Our nation has increasingly thrown off the objective Judeo-Christian meta-narrative that binds us together with a common faith. Freedom from a relationship with God has plunged us into existential angst and a loss of significance. Freedom from virtue, judgment, law, and regulating moral principles has cast us into a sea of abandonment.
The sexual revolution and its legacy of freedom to have sex with anyone anytime without forming lasting connections has left us empty of love and intimacy. We are awash in sexting, selfies, hookups, cheating, porn, virtual affairs, and someone new every time we feel a hint of loneliness. The fix never lasts for long, and the loneliness returns along with a flood of faceless bodies.
Freedom to act according to our unregulated emotions has led to abuse, not only of others, but also of ourselves. We demand freedom from the defining nature of our Creator, and we identify as anything we feel or imagine, isolating ourselves from others who share physical traits and from ourselves as we seek to change who we are into what we feel.
Freedom to live with reckless abandon has robbed us of openness with others. Regardless of our proud testament to individuality with no bounds, we know this is not how we should live. We know, deep within our nearly seared consciences, that this is not who we are supposed to be. Shame infects us — self-inflicted humiliation that keeps us from looking into the eyes of another because we don’t want them to look back at us. We don’t want them to see us, so we hide, isolating ourselves in a dark cave as we stroke the preciousness of our sin.
We have raised a generation with the proud belief that they are free to be whoever and whatever they want. Their subjective wishes define their reality as the connective bonds of objectivity are severed. The particulars have declared the universals dead, leaving the particulars alone, disconnected, drifting in the world with nothing to bind them to others.

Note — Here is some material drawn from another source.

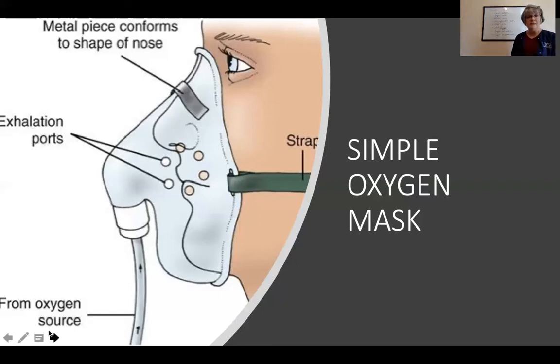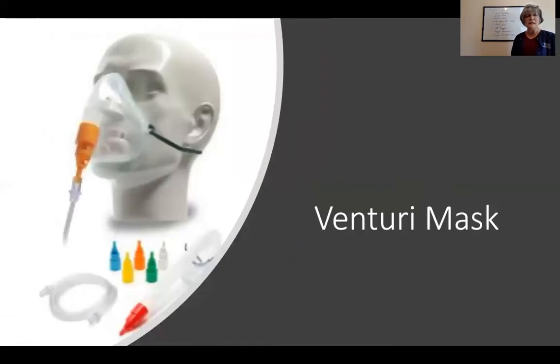Next is the Venturi mask. It has different colored hard plastic pieces, each corresponding to a specific oxygen percentage. For example, if you want to deliver 30% oxygen, you insert the piece labeled 30% into the mask device, then attach the wall oxygen. You turn the wall oxygen up to 10 liters — the highest it will go — and then this device regulates and delivers the exact percentage of oxygen you want the patient to receive.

As someone who had social pain and isolation thrust on her at an early age, I have walked the path of loneliness too long. To witness a world choosing that path of its own free will saddens me. When I see others living such lonely lives, I want to tell them, “Stop!” It doesn’t have to be this way. Freedom from others won’t bring you happiness. Only the shackles of love will give you that gift.
We are social creatures, not only to survive in a pack as the evolutionary psychologists tell us, but to love one another. Love is a rational choice, essential to being human. We cannot love in isolation, for there is no one to love except ourselves. When we are alone, there is no one to serve, protect, cherish, and know.
We cannot love when we are always doing what we want regardless of the sacrifices others need us to make. We cannot love when we are hiding away because we’re afraid of being hurt. We cannot love when we use others as stepping-stones to our own altar. We cannot love when we know no one, not even ourselves.
Love for others is the antidote to loneliness. Whether that love is for family, friends, or neighbors, it is the tie that binds. It is the balance of freedom and the answer to the question our minds fearfully whisper during the dark hours of the night, “Am I alone?”